An imaging time-of-propagation system for charged particle identification at a super B factory

TL;DR

This paper proposes an Imaging Time-of-Propagation (iTOP) detector for super B factories, enabling precise charged particle identification, especially K/pi separation, under high background conditions through photon timing and imaging techniques.

Contribution

It introduces the iTOP detector concept, combining photon timing and imaging to improve particle identification in high-background environments at super B factories.

Findings

Simulated PID performance shows high separation efficiency.

Prototype testing validates simulation results.

Optimization of detector geometry enhances performance.

Abstract

Super B factories that will further probe the flavor sector of the Standard Model and physics beyond will demand excellent charged particle identification (PID), particularly K/pi separation, for momenta up to 4 GeV/c, as well as the ability to operate under beam backgrounds significantly higher than current B factory experiments. We describe an Imaging Time-of-Propagation (iTOP) detector which shows significant potential to meet these requirements.
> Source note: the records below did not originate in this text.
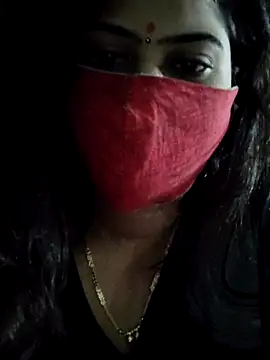 Ankitahot1993 webcam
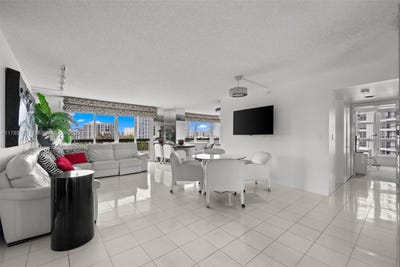 /international/us/19101-ne-36th-ct-aventura-fl-110098821121/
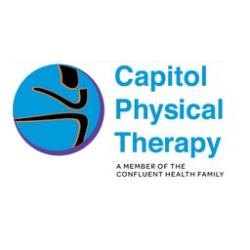 Capitol Physical Therapy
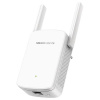 MERCUSYS ME30, AC1200 Wi-Fi Range Extender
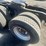 #117-•-2011-western-star-semi-tractor-(has-wi-title)-(forestville,-wi)-image-24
Photons emitted from charged particle interactions in a Cerenkov radiator bar are internally reflected to the end of the bar, where they are collected on a compact image plane using photodetectors with fine spatial segmentation in two dimensions. Precision measurements of photon arrival time are used to enhance the two dimensional imaging, allowing the system to provide excellent PID capabilities within a reduced detector envelope. Results of the ongoing optimization of the geometric and physical properties of such a detector are presented, as well as simulated PID performance. Validation of simulations is being performed using a prototype in a cosmic ray test stand at the University of Hawaii.